As if the answer were easy, Themistocles, when asked whether he would prefer to have been Achilles or Homer, replied: "Which would you rather be, a conqueror in the Olympic Games or the crier that proclaims who are the conquerors?" A navy man, Themistocles saw no honor in being out of things. He would not have understood the U.S. role of spectator to this year's Olympic Games, or how a country whose national pride has so often been hoisted in those Games could settle for the bleachers.

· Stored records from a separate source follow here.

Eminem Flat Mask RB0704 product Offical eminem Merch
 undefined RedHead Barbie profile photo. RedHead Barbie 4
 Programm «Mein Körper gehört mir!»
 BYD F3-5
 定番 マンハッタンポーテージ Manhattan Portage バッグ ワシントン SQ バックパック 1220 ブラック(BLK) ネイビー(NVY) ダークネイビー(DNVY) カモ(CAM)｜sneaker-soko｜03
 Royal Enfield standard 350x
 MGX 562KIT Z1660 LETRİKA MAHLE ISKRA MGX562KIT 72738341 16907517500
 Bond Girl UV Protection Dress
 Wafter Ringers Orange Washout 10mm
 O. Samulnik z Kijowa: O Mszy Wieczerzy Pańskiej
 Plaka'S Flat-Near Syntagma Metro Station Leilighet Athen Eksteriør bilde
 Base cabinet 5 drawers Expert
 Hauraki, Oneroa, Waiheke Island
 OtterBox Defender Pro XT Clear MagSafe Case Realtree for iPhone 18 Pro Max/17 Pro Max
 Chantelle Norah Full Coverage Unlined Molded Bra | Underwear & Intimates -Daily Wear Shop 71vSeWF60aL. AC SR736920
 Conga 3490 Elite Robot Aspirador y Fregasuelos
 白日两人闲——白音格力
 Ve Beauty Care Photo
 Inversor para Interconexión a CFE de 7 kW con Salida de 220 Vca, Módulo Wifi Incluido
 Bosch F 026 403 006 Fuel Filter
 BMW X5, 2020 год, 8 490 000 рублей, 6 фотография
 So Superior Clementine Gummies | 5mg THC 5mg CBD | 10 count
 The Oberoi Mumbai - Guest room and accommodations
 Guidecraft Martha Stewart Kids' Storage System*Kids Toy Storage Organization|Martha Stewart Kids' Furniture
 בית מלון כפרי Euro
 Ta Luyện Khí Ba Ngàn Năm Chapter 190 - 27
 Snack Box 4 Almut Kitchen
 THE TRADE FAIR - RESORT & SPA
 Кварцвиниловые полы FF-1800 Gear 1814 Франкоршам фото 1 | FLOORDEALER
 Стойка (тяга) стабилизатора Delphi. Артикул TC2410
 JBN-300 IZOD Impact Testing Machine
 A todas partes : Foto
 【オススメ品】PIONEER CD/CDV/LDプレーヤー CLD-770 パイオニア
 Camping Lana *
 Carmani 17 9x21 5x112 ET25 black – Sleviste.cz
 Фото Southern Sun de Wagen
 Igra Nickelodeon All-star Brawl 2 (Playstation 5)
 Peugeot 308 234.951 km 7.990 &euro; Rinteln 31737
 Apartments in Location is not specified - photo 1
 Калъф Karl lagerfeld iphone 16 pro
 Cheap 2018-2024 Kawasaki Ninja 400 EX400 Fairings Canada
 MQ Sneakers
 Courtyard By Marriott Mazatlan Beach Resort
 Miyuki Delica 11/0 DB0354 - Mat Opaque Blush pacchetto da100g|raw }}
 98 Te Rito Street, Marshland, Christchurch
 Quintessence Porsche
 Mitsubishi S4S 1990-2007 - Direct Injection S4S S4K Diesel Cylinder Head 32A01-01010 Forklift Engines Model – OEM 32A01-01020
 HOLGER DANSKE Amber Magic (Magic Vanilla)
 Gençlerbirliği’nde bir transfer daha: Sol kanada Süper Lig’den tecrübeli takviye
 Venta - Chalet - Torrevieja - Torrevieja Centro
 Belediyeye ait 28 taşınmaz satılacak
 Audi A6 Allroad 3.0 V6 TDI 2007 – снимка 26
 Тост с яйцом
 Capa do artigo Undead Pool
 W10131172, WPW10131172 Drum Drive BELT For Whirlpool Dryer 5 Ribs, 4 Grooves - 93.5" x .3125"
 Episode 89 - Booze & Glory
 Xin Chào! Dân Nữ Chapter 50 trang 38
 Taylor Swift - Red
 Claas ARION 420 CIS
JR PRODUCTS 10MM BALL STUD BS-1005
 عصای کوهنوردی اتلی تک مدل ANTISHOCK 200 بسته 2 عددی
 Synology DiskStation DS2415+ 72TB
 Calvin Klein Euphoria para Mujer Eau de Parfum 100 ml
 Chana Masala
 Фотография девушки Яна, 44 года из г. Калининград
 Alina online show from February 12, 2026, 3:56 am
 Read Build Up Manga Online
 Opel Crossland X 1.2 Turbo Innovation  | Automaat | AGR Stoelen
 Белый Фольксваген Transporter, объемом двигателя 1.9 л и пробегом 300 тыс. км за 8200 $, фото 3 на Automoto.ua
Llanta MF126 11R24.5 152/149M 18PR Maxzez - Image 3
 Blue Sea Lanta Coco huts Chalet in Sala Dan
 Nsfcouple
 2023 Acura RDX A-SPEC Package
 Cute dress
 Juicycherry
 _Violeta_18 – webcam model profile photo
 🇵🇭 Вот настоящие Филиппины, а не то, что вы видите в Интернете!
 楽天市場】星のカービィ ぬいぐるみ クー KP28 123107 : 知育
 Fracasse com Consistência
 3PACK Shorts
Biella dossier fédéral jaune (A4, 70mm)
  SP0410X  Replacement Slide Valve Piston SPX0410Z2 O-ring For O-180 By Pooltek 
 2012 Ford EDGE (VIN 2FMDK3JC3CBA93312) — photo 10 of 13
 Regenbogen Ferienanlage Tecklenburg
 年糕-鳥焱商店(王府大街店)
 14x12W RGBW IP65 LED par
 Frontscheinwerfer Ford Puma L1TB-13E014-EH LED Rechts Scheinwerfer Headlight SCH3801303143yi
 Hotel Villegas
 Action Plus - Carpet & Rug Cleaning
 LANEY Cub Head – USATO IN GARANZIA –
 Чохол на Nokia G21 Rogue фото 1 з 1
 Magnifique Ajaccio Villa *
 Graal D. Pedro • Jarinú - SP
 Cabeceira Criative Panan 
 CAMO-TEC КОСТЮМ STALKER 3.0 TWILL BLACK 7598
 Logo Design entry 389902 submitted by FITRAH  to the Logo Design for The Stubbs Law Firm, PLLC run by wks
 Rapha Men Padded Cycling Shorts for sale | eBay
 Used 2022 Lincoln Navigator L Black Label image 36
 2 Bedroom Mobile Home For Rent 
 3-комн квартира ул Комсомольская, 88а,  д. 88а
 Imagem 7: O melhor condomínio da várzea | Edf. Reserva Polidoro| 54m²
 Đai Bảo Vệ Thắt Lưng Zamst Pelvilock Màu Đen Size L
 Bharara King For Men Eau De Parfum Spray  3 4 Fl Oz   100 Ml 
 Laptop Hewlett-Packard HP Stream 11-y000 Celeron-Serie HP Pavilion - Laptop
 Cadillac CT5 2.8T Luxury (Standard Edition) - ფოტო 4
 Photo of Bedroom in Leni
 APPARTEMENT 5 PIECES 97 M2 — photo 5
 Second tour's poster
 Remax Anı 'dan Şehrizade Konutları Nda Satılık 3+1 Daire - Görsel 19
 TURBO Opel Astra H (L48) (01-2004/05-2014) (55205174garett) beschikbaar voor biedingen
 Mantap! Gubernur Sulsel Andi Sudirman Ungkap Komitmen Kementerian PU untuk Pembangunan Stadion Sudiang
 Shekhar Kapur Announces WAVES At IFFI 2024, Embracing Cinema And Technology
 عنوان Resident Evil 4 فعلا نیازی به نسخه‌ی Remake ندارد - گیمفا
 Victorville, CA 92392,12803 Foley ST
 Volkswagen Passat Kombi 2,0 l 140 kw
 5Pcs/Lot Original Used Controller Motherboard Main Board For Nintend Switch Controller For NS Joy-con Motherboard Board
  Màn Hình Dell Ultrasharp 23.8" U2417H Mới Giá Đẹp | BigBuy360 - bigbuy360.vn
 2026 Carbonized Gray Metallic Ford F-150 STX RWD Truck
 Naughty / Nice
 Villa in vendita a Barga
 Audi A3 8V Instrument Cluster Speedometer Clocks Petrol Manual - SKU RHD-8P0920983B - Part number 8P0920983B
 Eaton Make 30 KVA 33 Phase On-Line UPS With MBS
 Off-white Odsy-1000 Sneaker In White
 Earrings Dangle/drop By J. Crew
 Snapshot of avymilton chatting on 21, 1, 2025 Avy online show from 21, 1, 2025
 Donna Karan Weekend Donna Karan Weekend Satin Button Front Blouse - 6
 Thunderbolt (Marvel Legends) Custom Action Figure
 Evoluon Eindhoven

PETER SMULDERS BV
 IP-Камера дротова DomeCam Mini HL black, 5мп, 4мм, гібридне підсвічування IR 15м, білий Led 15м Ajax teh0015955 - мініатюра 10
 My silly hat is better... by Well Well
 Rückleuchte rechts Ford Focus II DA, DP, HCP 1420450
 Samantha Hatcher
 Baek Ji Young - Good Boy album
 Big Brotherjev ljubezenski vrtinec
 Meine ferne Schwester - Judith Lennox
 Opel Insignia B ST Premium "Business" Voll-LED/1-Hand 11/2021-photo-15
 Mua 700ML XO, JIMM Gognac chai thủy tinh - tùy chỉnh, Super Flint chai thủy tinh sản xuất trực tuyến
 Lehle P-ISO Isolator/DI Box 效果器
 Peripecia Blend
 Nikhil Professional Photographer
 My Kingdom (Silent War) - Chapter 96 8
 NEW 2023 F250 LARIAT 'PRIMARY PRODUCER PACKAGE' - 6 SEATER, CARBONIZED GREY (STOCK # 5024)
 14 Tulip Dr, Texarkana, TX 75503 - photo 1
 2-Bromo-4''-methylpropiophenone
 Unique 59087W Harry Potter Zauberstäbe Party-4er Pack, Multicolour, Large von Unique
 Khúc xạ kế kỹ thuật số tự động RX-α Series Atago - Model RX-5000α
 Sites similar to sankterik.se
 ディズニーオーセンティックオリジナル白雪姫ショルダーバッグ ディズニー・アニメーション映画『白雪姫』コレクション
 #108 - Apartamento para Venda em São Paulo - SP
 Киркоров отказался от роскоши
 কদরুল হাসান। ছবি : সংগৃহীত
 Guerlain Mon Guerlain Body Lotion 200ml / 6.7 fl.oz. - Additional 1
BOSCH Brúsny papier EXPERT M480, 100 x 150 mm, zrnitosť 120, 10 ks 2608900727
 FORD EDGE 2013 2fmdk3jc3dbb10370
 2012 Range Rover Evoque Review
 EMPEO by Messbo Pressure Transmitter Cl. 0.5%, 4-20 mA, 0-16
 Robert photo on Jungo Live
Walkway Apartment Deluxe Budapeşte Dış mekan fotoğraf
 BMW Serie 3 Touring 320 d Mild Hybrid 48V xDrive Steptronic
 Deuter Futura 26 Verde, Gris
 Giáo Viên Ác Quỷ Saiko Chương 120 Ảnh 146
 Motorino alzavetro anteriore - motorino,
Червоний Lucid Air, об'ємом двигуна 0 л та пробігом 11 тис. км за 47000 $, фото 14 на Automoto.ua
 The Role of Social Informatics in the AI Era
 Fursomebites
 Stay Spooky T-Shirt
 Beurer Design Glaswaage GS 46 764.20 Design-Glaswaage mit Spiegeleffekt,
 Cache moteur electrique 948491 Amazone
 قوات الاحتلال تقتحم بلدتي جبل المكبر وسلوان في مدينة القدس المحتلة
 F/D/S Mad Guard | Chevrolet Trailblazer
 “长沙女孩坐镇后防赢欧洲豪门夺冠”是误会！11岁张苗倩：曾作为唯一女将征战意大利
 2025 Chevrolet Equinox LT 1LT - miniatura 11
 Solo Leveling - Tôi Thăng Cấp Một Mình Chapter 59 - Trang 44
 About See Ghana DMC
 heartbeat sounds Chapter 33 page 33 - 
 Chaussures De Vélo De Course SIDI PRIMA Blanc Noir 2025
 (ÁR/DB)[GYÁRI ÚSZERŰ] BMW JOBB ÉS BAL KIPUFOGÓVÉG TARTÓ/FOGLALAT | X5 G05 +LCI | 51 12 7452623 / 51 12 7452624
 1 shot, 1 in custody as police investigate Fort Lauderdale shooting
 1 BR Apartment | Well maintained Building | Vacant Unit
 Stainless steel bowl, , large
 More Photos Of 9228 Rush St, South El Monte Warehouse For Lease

Right now, the U.S. feels none of that particular sort of pride. Instead many Americans, including those who would have been competing in Moscow, are wondering if what they are feeling is any sort of pride at all or merely the discomfort of having taken a difficult moral position that is beginning to feel a bit tight at the neck. After all, aren't those young men and women just playing games over there? Is the U.S. a spoilsport?
Were it not for the remarks of the presidents of the International Olympic Committee, the political significance of the Olympics would probably never be in question. Yet as recently as July 14, Lord Killanin opened a session of the I.O.C. by expressing his great fear for the future of the Games "if politicians continue to make use of sport for their own ends." Steady as the Olympic torch, that sort of mindlessness has been passed from I.O.C. president to I.O.C. president, from Avery Brundage to Killanin, and soon, most likely, to President-elect Juan Antonio Samaranch, who sounds a lot like his predecessors. All owe their conventional wisdom, if not their tone, to Baron Pierre de Coubertin, the founder of the modern Games. Decreed Coubertin: "The essential thing in life is not conquering, but fighting well." The words are charming, and perhaps even true, but they have never applied to the Olympics.
Certainly, nothing in the ancient history of the Games supports the idea that they are apolitical. Brundage lamented that in ancient Greece wars were suspended for the Olympics, whereas today the Olympics are suspended for wars. In fact, the first Olympics were dry runs for wars. Once, in 364 B.C., the Eleians turned a dry run into the real McCoy and swooped down on the Pisates during the Games. They won. The modern marathon,"inspired by the tale of a soldier who ran 25 miles to report a victory, commemorates both politics and conquest. As for the glory of fighting well, one needs only to read Pindar on the ignominy of the losers.